**PROMPT**: Every line below from the one containing "Imagen de la" through the one containing "Miriam Blasco y" must be transcribed exactly. Omit all lines outside that stretch.

+++ DATA FOR THIS EXERCISE +++

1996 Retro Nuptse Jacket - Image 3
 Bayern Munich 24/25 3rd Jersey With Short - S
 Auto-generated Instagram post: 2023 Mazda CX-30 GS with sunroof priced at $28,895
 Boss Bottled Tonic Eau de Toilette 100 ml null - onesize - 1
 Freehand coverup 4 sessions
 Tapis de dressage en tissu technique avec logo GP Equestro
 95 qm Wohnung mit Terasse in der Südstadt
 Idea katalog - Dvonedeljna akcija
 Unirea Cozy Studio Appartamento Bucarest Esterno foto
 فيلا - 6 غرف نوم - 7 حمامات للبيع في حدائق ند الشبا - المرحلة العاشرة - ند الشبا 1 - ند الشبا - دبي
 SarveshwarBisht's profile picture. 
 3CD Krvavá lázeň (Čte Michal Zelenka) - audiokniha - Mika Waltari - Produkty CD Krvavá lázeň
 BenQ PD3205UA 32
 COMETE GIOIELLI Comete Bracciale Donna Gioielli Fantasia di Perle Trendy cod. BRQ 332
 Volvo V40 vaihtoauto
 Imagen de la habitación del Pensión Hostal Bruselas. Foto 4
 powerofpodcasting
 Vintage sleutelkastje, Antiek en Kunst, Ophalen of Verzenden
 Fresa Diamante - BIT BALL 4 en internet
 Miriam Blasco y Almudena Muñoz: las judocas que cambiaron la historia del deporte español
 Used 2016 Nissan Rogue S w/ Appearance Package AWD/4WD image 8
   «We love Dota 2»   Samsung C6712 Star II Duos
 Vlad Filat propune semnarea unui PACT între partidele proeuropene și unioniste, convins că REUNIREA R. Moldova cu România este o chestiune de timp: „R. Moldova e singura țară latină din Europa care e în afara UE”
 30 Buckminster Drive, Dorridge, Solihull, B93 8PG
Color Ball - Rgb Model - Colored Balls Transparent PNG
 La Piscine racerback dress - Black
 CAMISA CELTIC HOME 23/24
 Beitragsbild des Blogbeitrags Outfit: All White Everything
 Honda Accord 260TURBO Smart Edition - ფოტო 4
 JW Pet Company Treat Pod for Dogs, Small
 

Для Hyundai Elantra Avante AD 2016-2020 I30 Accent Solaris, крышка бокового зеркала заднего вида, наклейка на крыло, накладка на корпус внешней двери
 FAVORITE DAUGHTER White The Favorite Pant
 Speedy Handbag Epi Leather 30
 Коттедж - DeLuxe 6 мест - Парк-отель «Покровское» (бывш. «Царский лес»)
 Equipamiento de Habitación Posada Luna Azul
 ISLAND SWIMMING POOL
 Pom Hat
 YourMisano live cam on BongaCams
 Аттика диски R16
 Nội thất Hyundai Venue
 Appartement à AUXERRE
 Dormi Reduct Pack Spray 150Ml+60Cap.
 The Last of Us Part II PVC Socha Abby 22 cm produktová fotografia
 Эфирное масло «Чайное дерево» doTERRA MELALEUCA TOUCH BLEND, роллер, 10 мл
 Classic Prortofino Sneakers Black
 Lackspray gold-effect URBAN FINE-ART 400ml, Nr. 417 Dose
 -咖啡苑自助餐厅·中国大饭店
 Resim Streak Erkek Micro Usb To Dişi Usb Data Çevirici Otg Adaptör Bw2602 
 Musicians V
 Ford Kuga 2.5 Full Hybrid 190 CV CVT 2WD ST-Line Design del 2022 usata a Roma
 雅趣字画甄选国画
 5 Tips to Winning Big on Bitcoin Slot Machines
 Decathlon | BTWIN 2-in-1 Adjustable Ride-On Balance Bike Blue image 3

+++

**ANSWER BOX**:
 Imagen de la habitación del Pensión Hostal Bruselas. Foto 4
 powerofpodcasting
 Vintage sleutelkastje, Antiek en Kunst, Ophalen of Verzenden
 Fresa Diamante - BIT BALL 4 en internet
 Miriam Blasco y Almudena Muñoz: las judocas que cambiaron la historia del deporte español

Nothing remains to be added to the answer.